The National Credit Union Administration has approved a massive expansion of a Texas credit union’s field of membership, believed to be one of the first such approvals under a new rule that was the subject of a multi-year fight.

The big question is how quickly other credit unions will follow suit.

Gulf Coast Federal Credit Union was previously a community-chartered credit union serving consumers in Corpus Christi, Texas, and surrounding areas. But as a federal credit union with multiple common bonds, it was eligible under the NCUA’s revised rule to add other well-defined local communities and underserved areas. Its field of membership now covers 455 census tracts, totaling 24 counties and a population of more than 2.3 million.

The Texas institution says the expansion will help fend off competition from credit unions with even larger footprints.

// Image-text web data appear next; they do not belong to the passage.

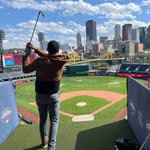 Eric Hidinger - @eric__hid - Instagram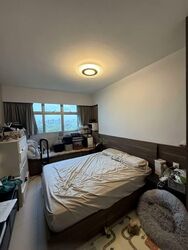Blk 470C Hougang Parkview (Hougang), HDB 5 Rooms #557536051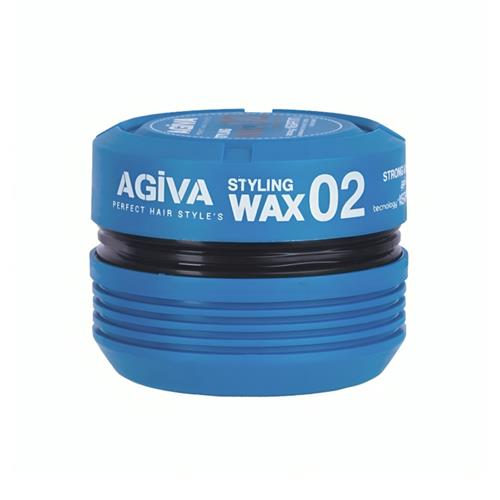 Agiva-Styling-Hair-Wax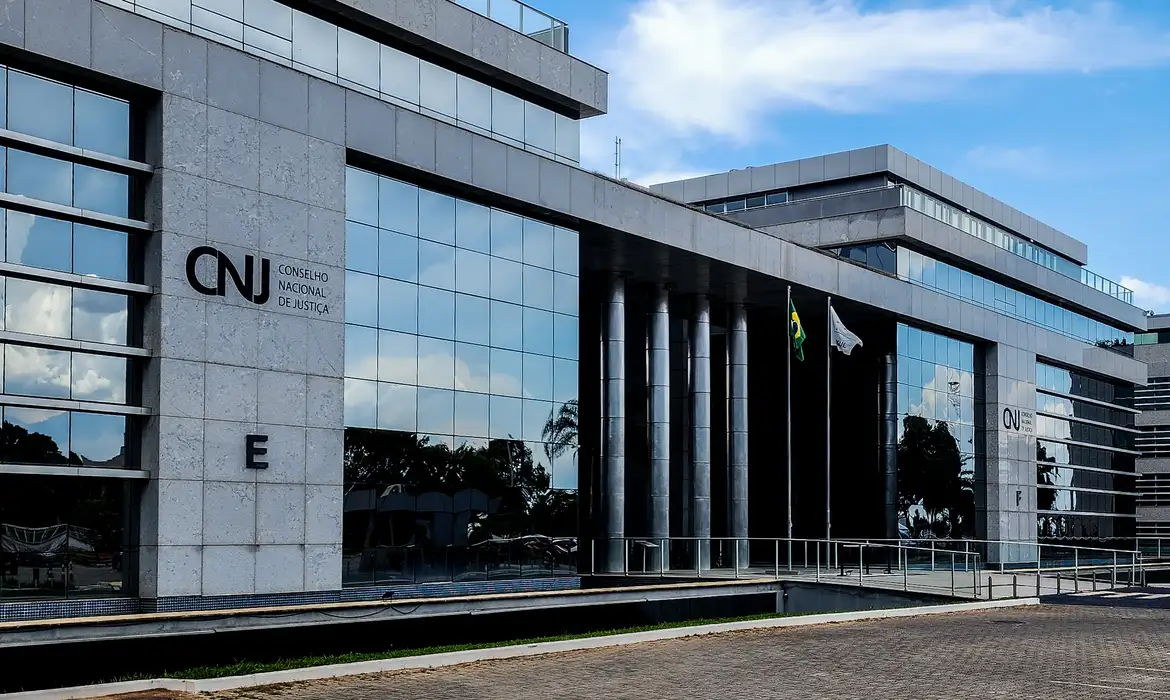 cnj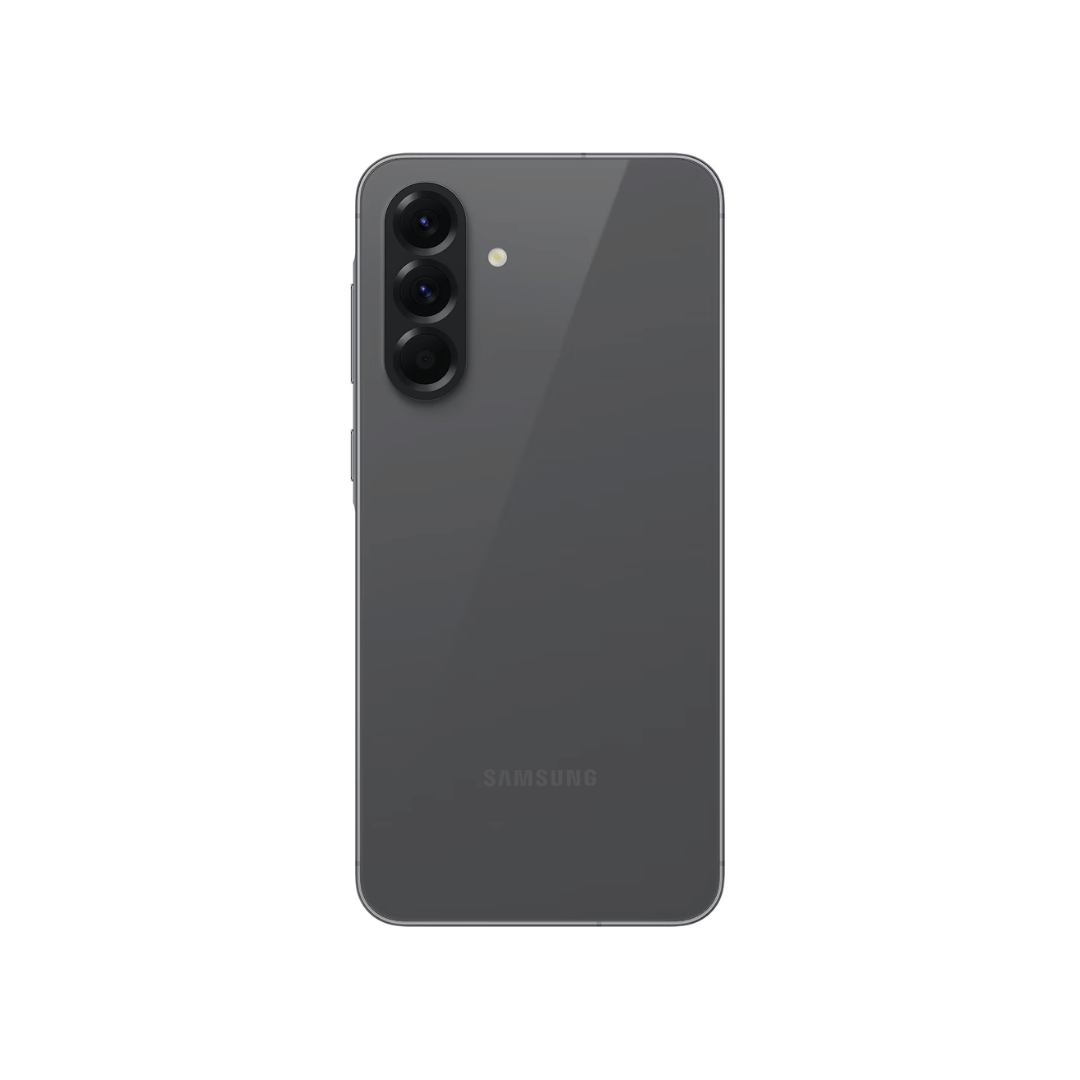 SAMSUNG GALAXY A56 5G 256GB | 8 RAM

“The Corpus Christi market was very nice and fine a few years ago … but at the end of the day, multi-billion-dollar credit unions were coming in [including Pentagon Federal Credit Union, Randolph Brooks FCU and Security Service FCU], and without us being able to expand into other markets like they did, we were going to get pushed down,” said Jeremy Garza, president and CEO of the $256 million-asset institution.

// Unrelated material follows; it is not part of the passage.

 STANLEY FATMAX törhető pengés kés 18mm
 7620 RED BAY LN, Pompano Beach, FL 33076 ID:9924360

Recent data from the NCUA showed that credit unions under $1 billion of assets are losing members and net worth, and their loan growth is slowing. As a result, many of those institutions — which constitute more than 80% of the industry as a whole — are likely to look for growth opportunities anywhere they can find them.

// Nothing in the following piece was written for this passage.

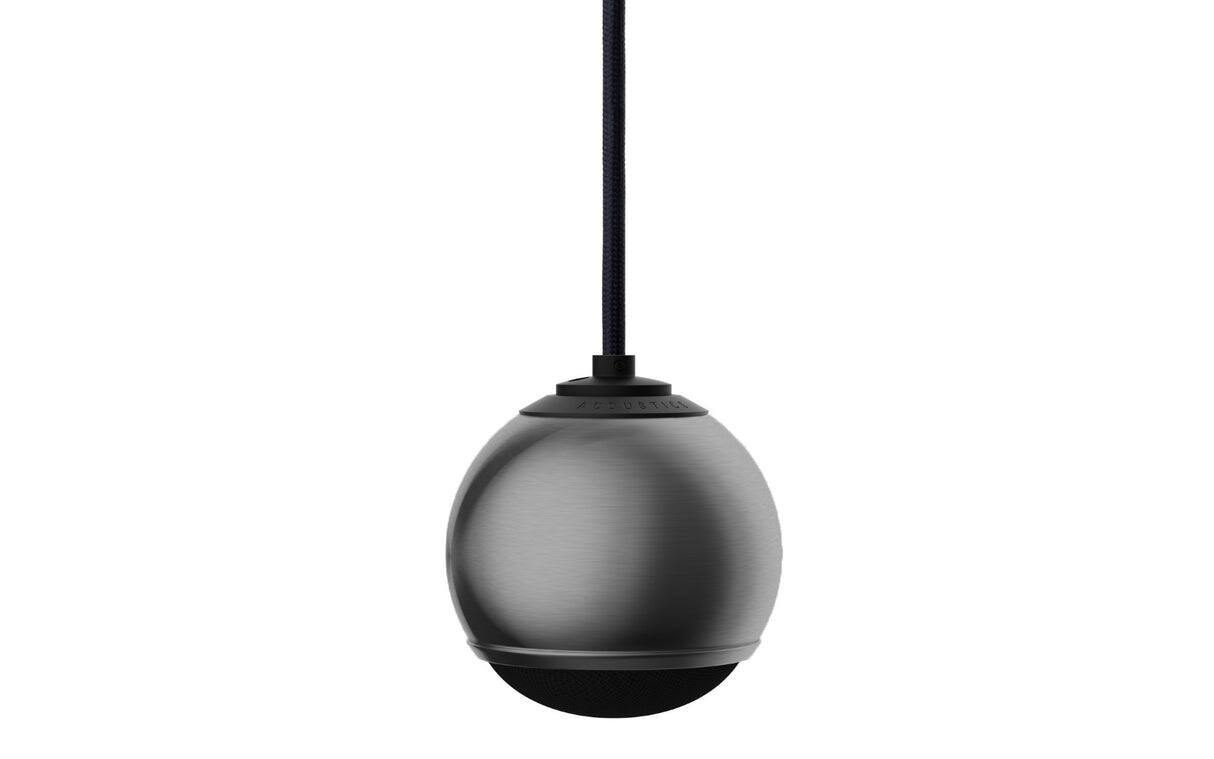 Gallo Acoustics Micro Droplet 4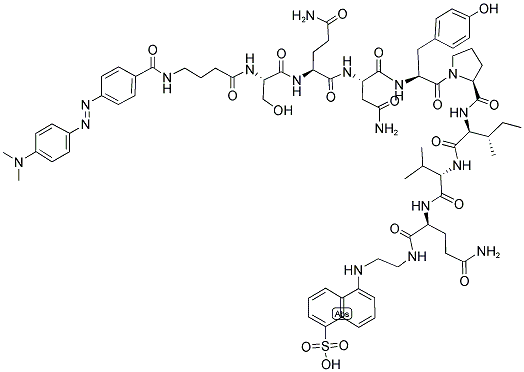 HIV Protease FRET Substrate I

Gulf Coast began the process of seeking the NCUA’s approval even before the Supreme Court declined last summer to hear a challenge by the banking industry to the field-of-membership rule. The entire process still took the better part of a year.

Expanding field of membership under the new rules is “more work [than converting to a community charter] and for smaller credit unions it’s probably not going to be the right strategy,” said Sam Brownell, CEO of the consultancy CU Collaborate, which assisted Gulf Coast with the expansion effort. “The credit unions this is a benefit for are the ones that feel they have penetrated their market as much as they can. … If you’re a small credit union and it’s too much money to hire a consultant to do this and go through this complicated process, a community charter may give you enough room to grow without this.”

The move will give Gulf Coast access to more rural areas in South Texas.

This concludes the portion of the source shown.